To briefly add a comment to this, it has been popular since the age of computers began, to compare the human body to a machine. I'm not sure how well that really fits. It's quite a materialistic attitude and enables many scientists, for example, to equate the brain with a computer, or a processor: the mind IS the brain. Personally I feel that this is too reductionistic an idea about consciousness.

When I think back to what life on earth was probably like a few billion years ago, I think of those single-celled organisms -- blue-green algae and the like. At some point there evolved a kind of symbiotic relationship between some of them: co-operating with each other, to the benefit of each organism, would have saved energy and most probably been naturally selected for. This way of life could have progressed until multicellular organisms appeared. Again, it conserves energy if the cells within the organism are specialised, each carrying out a series of specific tasks, intead of each individual carrying out every single one of the processes necessary for its own life.

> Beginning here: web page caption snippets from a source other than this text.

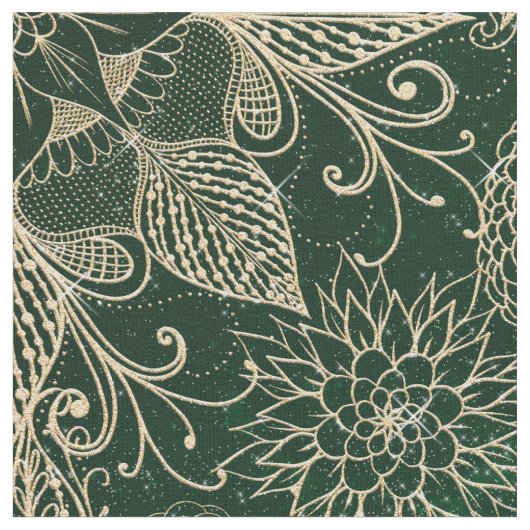 Whimsy Gold & Green Dreamcatcher Feathers Mandala Stoff (Nahaufnahme)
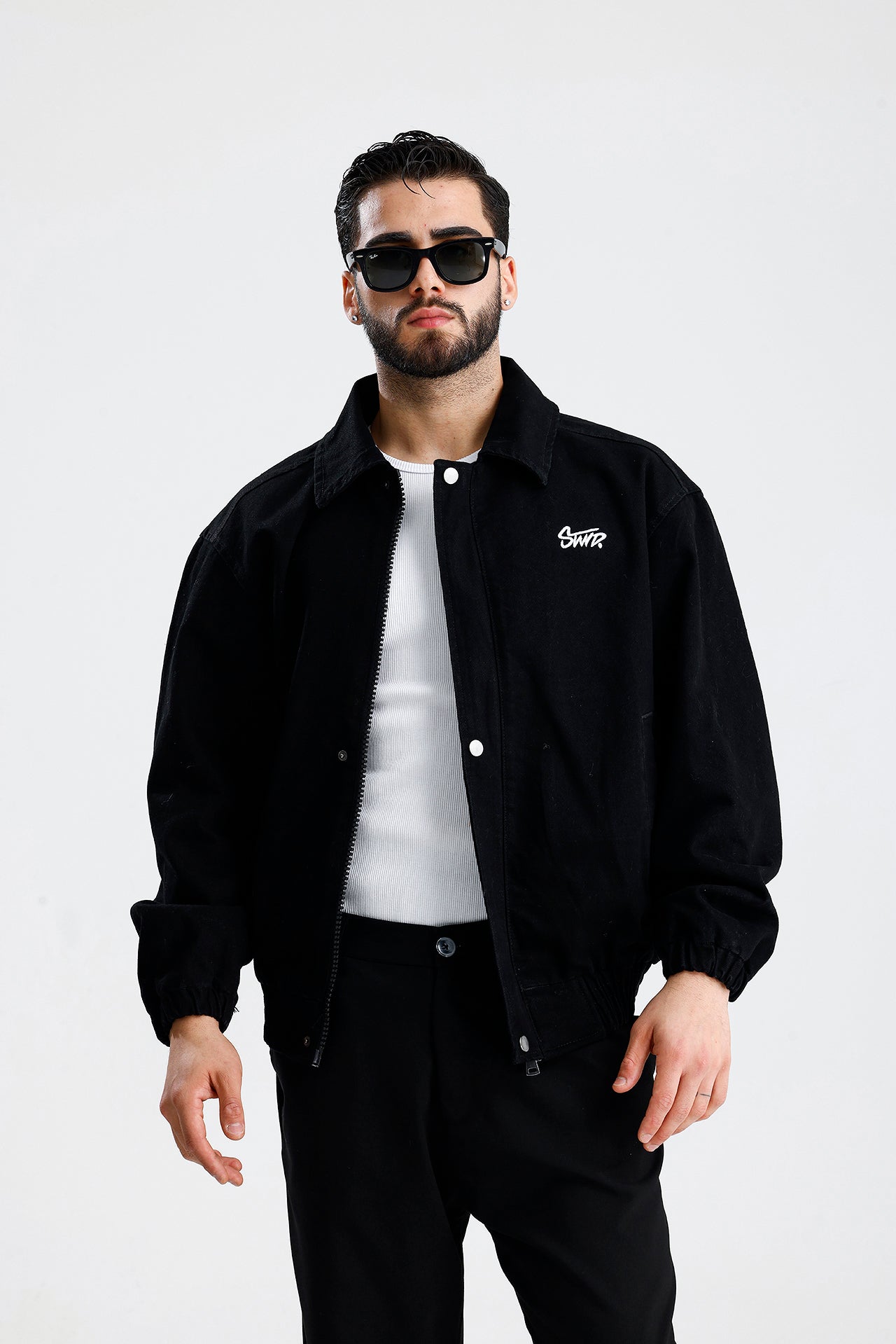 STWD Nakışlı Bomber Kot Ceket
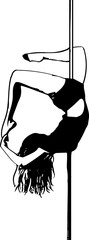 Silhouette of girl and pole. Pole dance illustration for fitness, striptease dancers, exotic dance - 609753425
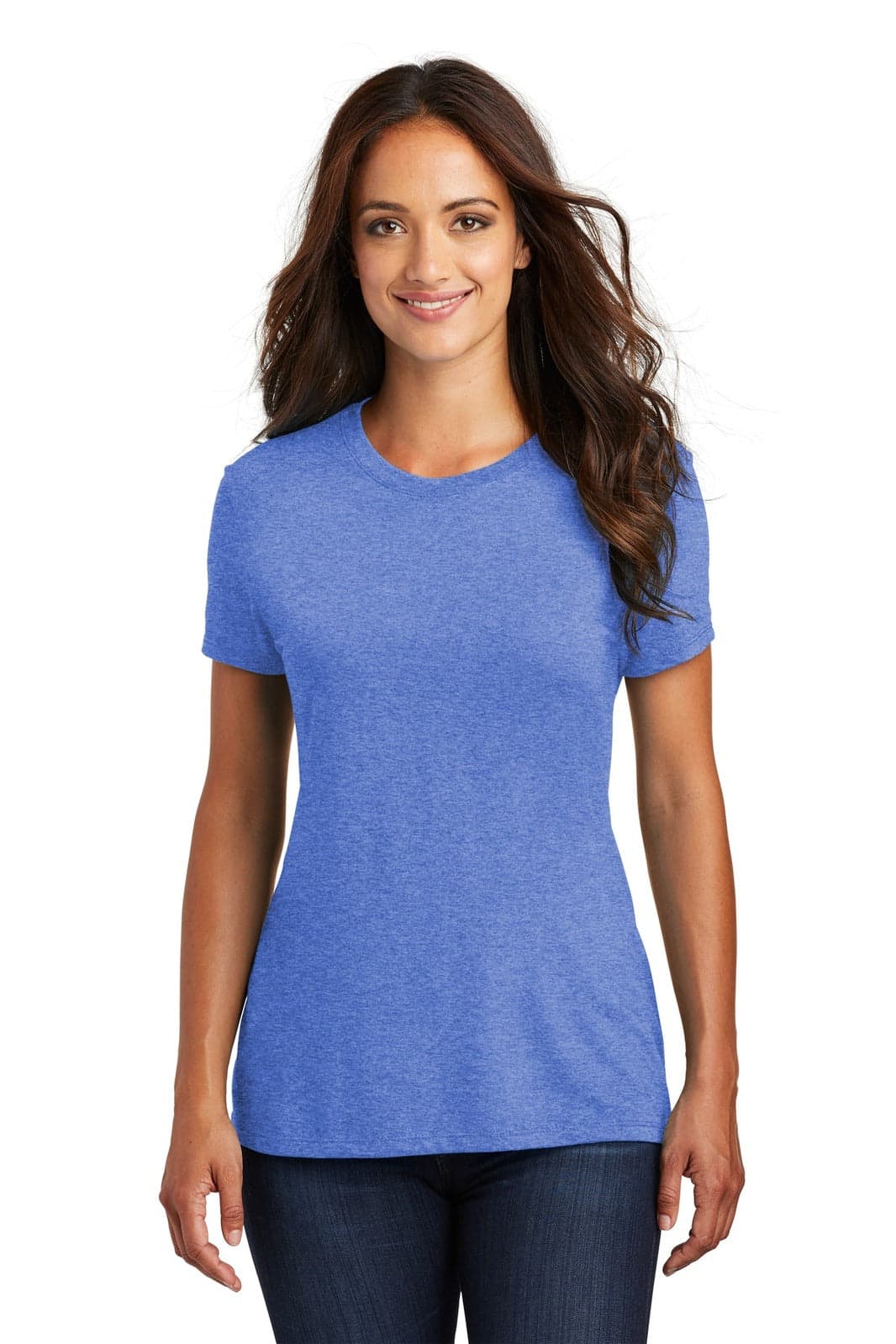 A blue ladies' crew neck t-shirt with short sleeves, featuring a fitted design and a logo.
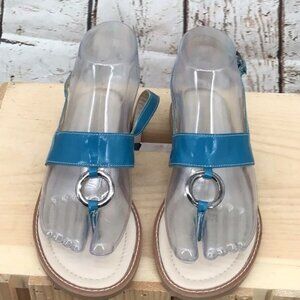 Elephantito Size 2 Youth Girls Blue Thong Sling Back Buckle Faux Leather Sandals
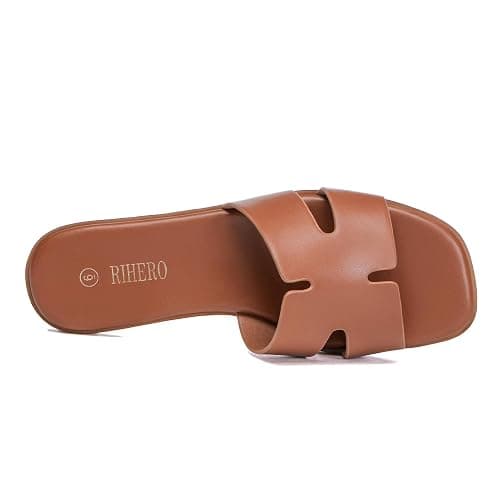 Rihero Women's Dressy Flat Sandals Comfortable Slip On Leather Slide Sandals thumbnail 4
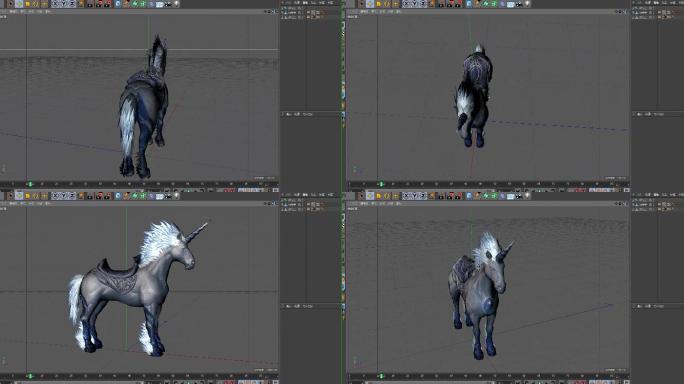 远古独角兽神兽神马C4D模型工程cg影视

Multicellular organisms, including us, can be seen as the ultimate in symbiotic relationships. Even consciousness itself can be seen as a development that somehow emerges from this collection of living things, in order to facilitate the symbiosis. And why can that consciousness not regulate communication between different parts of our bodies, at all levels, from the individual cells to the entire body? I think there's a great deal to be learned about this.

So yes, I think it's entirely possible that this kind of complexity could have emerged from single-celled organisms in the past. It's a matter of finding an analogy that fits the reality we see and experience. And of course there's the physical evidence in the fossil record.